# What you need to do
All of the data should be repeated exactly; pictures are not part of the copy.

# Available data
===

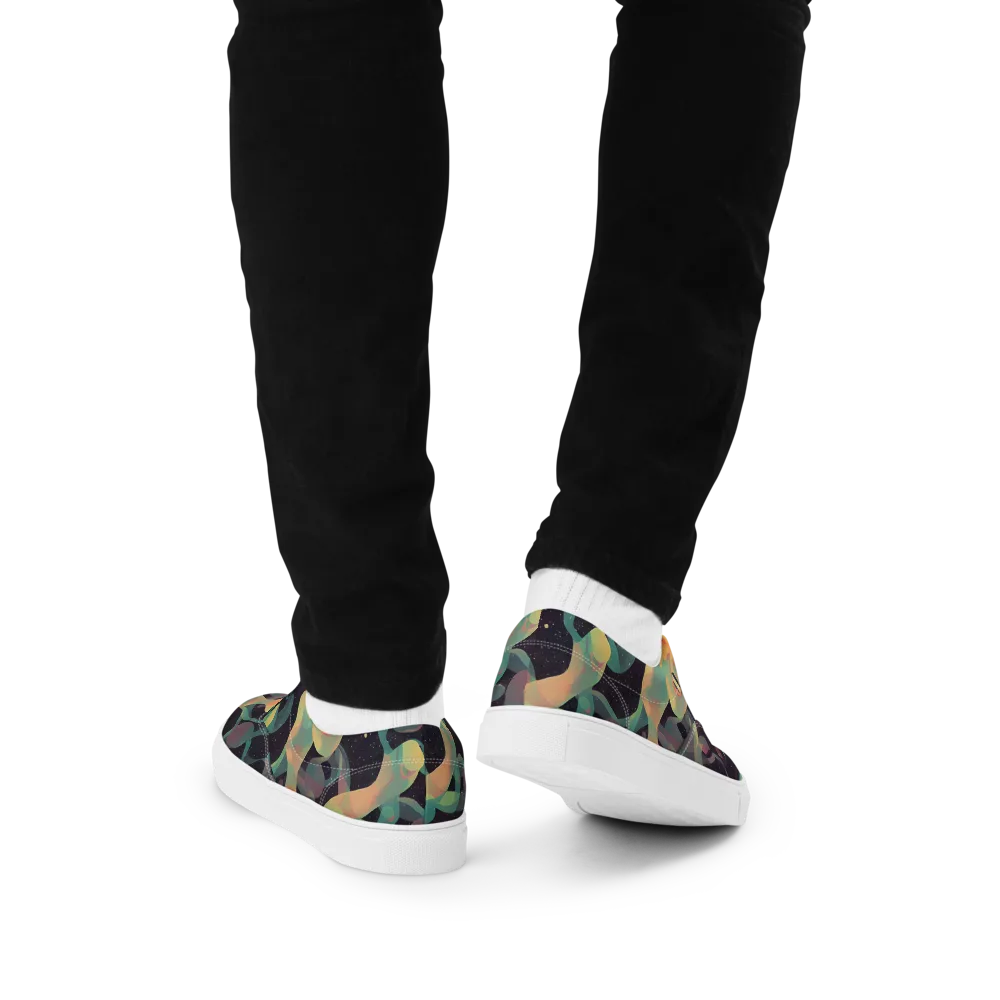 Astral Rhythms on Men's Lace-Up Canvas Shoes — Back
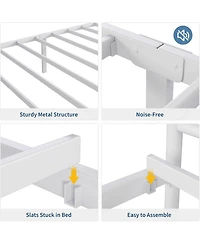 gaomon Bed Frames for Kids, Metal Frame with Headboard & Footboard, Platform Frame, Heavy Duty Slats Support, No Box Spring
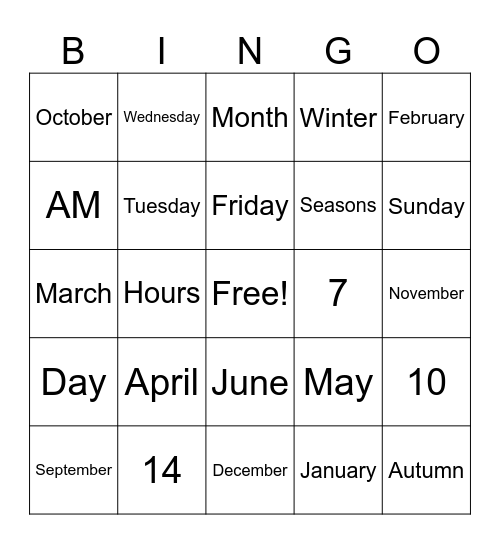 Measurement - Tile Bingo Card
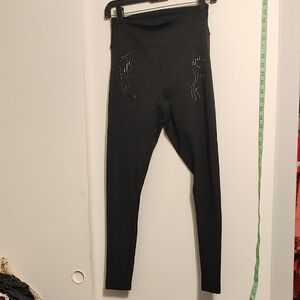 Chic Black Leggings with Embellishments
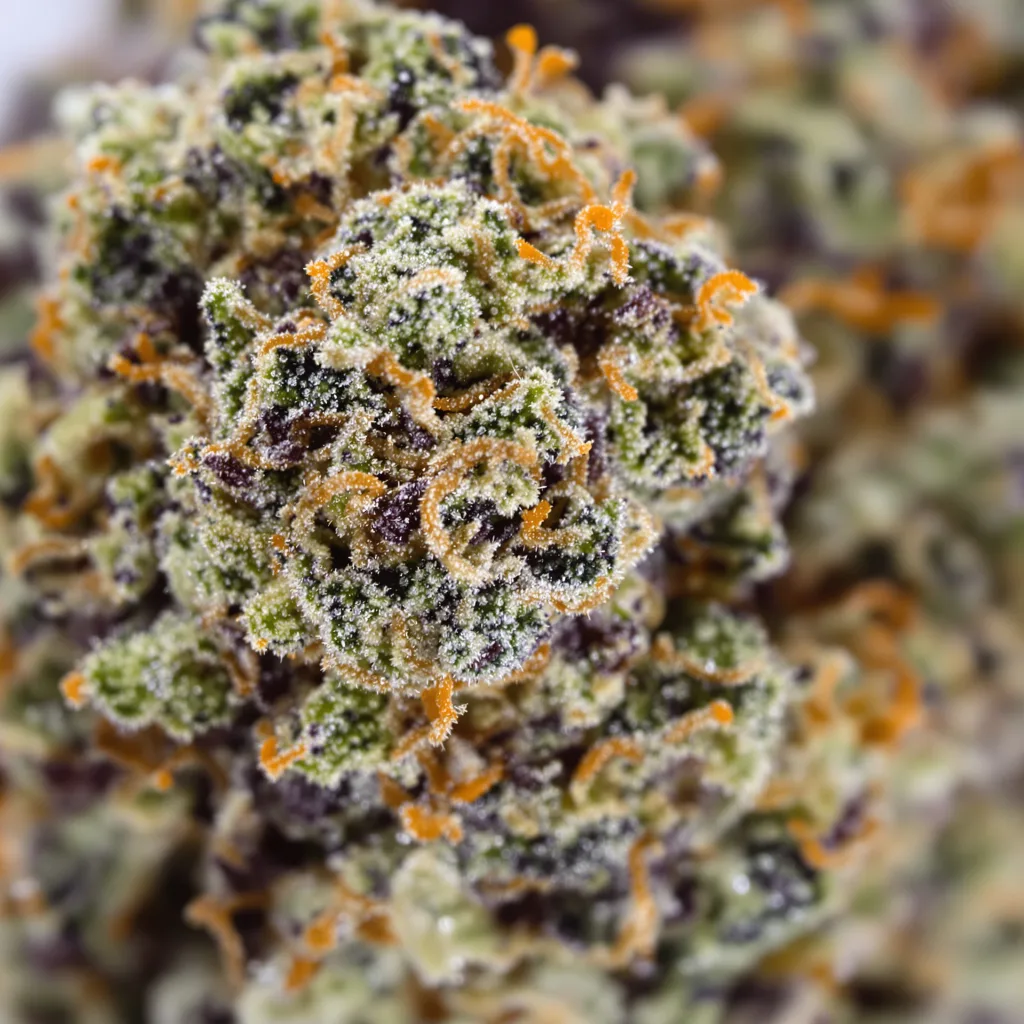 Pre-98 Bubba Kush cannabis bud close-up showing dense purple-tinged calyxes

===

# Response
 Astral Rhythms on Men's Lace-Up Canvas Shoes — Back
 gaomon Bed Frames for Kids, Metal Frame with Headboard & Footboard, Platform Frame, Heavy Duty Slats Support, No Box Spring
 Measurement - Tile Bingo Card
 Chic Black Leggings with Embellishments
 Pre-98 Bubba Kush cannabis bud close-up showing dense purple-tinged calyxes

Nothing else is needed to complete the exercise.